TRATAMIENTO DE AGUAS RESIDUALES. ¡INVERSIÓN DE FUTURO!

Gracias al tratamiento de aguas residuales, es posible asegurar a quienes la beban o la utilicen con fines higiénicos o culinarios que no correrán ningún riesgo de contraer enfermedades o infecciones.

El verbo depurar, se refiere a purgar, higienizar, filtrar o reacondicionar una cosa.

Puede decirse que el tratamiento de aguas residuales busca pureza. En este sentido, el tratamiento de aguas residuales, consiste en diversas operaciones químicas, biológicas y físicas cuyo objetivo es reducir o eliminar la contaminación.

tratamiento de aguas residuales

 

El tratamiento de aguas residuales abarcan diversos procedimientos que permiten minimizar la presencia de contaminantes de distintas clases que se encuentran en el agua efluente que utilizan los seres humanos.

La presentación de alcanzar la pureza, implícita en la depuración, también puede ser simbólica.
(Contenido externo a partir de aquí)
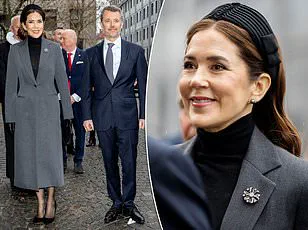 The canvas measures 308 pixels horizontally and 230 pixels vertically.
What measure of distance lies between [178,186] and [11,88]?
3071 millimetres

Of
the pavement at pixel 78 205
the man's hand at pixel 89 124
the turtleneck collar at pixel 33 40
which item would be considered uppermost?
the turtleneck collar at pixel 33 40

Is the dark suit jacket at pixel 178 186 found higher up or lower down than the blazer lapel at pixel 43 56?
lower down

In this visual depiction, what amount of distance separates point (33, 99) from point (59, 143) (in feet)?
1.36

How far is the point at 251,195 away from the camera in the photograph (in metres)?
1.27

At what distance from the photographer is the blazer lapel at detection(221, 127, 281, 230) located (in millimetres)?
1262

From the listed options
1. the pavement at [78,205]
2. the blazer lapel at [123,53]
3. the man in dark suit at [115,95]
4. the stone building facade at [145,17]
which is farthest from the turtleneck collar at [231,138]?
the pavement at [78,205]

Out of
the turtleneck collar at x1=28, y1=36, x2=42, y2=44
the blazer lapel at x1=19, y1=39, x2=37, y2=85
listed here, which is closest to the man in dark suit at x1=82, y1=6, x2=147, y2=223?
the blazer lapel at x1=19, y1=39, x2=37, y2=85

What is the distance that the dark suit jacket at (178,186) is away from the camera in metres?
1.32

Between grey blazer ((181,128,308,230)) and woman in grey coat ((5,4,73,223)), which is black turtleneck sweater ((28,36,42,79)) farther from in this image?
grey blazer ((181,128,308,230))

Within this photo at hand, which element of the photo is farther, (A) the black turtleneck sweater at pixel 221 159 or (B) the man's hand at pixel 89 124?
(B) the man's hand at pixel 89 124

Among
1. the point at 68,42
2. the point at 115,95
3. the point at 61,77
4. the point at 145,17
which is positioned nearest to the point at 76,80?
the point at 68,42

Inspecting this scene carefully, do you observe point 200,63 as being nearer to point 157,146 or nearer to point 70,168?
point 157,146

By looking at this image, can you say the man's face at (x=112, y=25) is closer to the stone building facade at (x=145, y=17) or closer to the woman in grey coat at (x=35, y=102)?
the woman in grey coat at (x=35, y=102)

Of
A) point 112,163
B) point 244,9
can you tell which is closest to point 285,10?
point 244,9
Por ejemplo, puede decirse que un dirigente político quiere depurar su partido cuando reprime o castiga a aquellos hombres que no apoyan sus ideas.

Además de tratar el agua en las Estaciones Depuradoras de Aguas Residuales (E.D.A.R) donde, una vez eliminadas las sustancias nocivas, se reintegran a los cauces fluviales en condiciones de calidad óptimas o se permite la posibilidad de su reutilización, el tratamiento de aguas residuales se puede hacer por procesos naturales. El tratamiento de aguas residuales de dicho modo utiliza y maximiza una serie de procesos que se dan de forma natural en el medio, en un emplazamiento controlado. Estos sistemas son altamente adaptables a los diferentes usos que se le quiera dar, abarcando de una forma efectiva, técnica y económica, desde el tratamiento de casas aisladas, pequeños núcleos, pueblos, industrias agroalimentarias, residuos ganaderos, etc.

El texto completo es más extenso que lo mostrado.